La apertura de la licitación nacional e internacional para definir al nuevo operador del complejo hidroeléctrico Los Nihuiles representa mucho más que un cambio de concesión. Para San Rafael, la novedad abre una oportunidad estratégica para recuperar una infraestructura clave que quedó severamente afectada por el histórico aluvión de enero de 2025 y que, desde entonces, no ha podido volver a operar con normalidad.

A diferencia de otras concesiones energéticas, esta llega condicionada por un desafío mayúsculo: reconstruir y modernizar un complejo que sufrió daños de enorme magnitud. Las centrales Nihuil II y Nihuil III permanecen fuera de servicio desde aquel temporal que provocó una de las mayores catástrofes climáticas registradas en el sur mendocino, afectando no solo la generación eléctrica, sino también una de las obras de infraestructura más importantes de la región. La nueva concesión tendrá, entre sus principales objetivos, devolverle al sistema su plena capacidad operativa mediante un ambicioso plan de inversiones.

Para San Rafael, el impacto trasciende lo energético. La recuperación de Los Nihuiles puede traducirse en movimiento económico para empresas constructoras, contratistas, transportistas, proveedores de servicios y trabajadores especializados, generando un efecto dinamizador sobre distintos sectores de la economía local. En un contexto donde la inversión en infraestructura escasea, un proyecto de esta magnitud aparece como una de las oportunidades más relevantes para el desarrollo del sur mendocino.

El complejo Los Nihuiles ha sido, durante décadas, un símbolo del crecimiento regional. Su construcción transformó el aprovechamiento del río Atuel y posicionó a San Rafael como un punto estratégico dentro del sistema energético argentino. El aluvión de 2025 interrumpió ese proceso y dejó al descubierto la necesidad de una profunda reconstrucción.

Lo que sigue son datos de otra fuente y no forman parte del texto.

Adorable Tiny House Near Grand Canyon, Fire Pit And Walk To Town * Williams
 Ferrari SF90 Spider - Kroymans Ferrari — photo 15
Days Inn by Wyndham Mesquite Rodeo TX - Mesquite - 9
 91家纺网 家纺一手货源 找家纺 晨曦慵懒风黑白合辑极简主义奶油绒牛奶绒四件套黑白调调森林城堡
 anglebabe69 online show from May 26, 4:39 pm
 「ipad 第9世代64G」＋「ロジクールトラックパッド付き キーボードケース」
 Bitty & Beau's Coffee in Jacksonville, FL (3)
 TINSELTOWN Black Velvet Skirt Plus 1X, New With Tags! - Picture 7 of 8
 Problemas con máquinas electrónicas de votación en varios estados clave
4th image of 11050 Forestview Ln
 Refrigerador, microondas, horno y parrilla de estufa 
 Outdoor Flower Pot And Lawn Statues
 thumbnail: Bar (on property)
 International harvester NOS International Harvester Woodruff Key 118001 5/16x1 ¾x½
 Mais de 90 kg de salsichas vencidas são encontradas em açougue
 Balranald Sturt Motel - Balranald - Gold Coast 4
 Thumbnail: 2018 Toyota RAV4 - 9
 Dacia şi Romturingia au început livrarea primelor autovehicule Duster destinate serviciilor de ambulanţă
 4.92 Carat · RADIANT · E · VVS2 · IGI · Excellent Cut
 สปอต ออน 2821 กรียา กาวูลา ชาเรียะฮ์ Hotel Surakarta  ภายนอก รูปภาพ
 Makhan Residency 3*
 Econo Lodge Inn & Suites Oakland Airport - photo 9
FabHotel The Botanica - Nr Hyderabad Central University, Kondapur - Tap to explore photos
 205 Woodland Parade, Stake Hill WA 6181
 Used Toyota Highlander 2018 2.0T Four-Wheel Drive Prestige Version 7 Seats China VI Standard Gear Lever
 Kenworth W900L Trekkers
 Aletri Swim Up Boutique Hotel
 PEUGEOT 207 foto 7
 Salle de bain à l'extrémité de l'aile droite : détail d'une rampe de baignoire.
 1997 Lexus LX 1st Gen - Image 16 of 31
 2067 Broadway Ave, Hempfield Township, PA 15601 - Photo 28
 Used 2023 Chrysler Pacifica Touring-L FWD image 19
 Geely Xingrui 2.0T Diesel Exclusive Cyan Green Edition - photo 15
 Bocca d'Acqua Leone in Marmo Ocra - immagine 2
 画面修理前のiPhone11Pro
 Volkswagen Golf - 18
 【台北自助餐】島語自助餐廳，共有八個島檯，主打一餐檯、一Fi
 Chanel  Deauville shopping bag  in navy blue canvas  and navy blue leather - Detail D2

Por eso, la importancia de esta licitación no radica únicamente en conocer qué empresa administrará el complejo durante las próximas décadas, sino en quién asumirá la responsabilidad de recuperar una infraestructura estratégica para Mendoza. Si las inversiones comprometidas se concretan y logran involucrar al entramado productivo local, San Rafael no solo recuperará un complejo hidroeléctrico esencial: también podrá convertir una de las consecuencias más graves del aluvión en una oportunidad de crecimiento, empleo y desarrollo para toda la región.